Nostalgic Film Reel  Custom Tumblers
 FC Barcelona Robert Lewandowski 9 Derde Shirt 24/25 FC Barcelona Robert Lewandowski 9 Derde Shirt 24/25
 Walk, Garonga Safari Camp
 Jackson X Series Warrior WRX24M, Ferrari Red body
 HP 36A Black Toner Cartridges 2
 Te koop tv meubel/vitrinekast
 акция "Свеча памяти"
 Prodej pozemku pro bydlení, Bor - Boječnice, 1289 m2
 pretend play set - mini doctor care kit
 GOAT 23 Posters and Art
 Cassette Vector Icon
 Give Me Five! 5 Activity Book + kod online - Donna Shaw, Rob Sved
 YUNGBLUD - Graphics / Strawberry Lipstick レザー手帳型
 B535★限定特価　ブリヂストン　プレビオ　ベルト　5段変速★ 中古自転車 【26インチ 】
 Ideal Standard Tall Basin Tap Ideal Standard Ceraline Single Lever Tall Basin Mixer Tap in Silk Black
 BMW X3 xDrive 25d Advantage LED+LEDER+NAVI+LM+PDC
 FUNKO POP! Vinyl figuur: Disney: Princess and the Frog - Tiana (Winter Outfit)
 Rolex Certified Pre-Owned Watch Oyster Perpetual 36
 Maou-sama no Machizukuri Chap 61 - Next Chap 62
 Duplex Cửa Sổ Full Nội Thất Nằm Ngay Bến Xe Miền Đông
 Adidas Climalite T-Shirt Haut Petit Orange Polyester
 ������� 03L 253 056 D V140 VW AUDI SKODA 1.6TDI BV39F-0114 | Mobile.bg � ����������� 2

▬▬▬

[Prompt]: All entries above are to be transcribed verbatim.

[Worked solution]:
Nostalgic Film Reel  Custom Tumblers
 FC Barcelona Robert Lewandowski 9 Derde Shirt 24/25 FC Barcelona Robert Lewandowski 9 Derde Shirt 24/25
 Walk, Garonga Safari Camp
 Jackson X Series Warrior WRX24M, Ferrari Red body
 HP 36A Black Toner Cartridges 2
 Te koop tv meubel/vitrinekast
 акция "Свеча памяти"
 Prodej pozemku pro bydlení, Bor - Boječnice, 1289 m2
 pretend play set - mini doctor care kit
 GOAT 23 Posters and Art
 Cassette Vector Icon
 Give Me Five! 5 Activity Book + kod online - Donna Shaw, Rob Sved
 YUNGBLUD - Graphics / Strawberry Lipstick レザー手帳型
 B535★限定特価　ブリヂストン　プレビオ　ベルト　5段変速★ 中古自転車 【26インチ 】
 Ideal Standard Tall Basin Tap Ideal Standard Ceraline Single Lever Tall Basin Mixer Tap in Silk Black
 BMW X3 xDrive 25d Advantage LED+LEDER+NAVI+LM+PDC
 FUNKO POP! Vinyl figuur: Disney: Princess and the Frog - Tiana (Winter Outfit)
 Rolex Certified Pre-Owned Watch Oyster Perpetual 36
 Maou-sama no Machizukuri Chap 61 - Next Chap 62
 Duplex Cửa Sổ Full Nội Thất Nằm Ngay Bến Xe Miền Đông
 Adidas Climalite T-Shirt Haut Petit Orange Polyester
 ������� 03L 253 056 D V140 VW AUDI SKODA 1.6TDI BV39F-0114 | Mobile.bg � ����������� 2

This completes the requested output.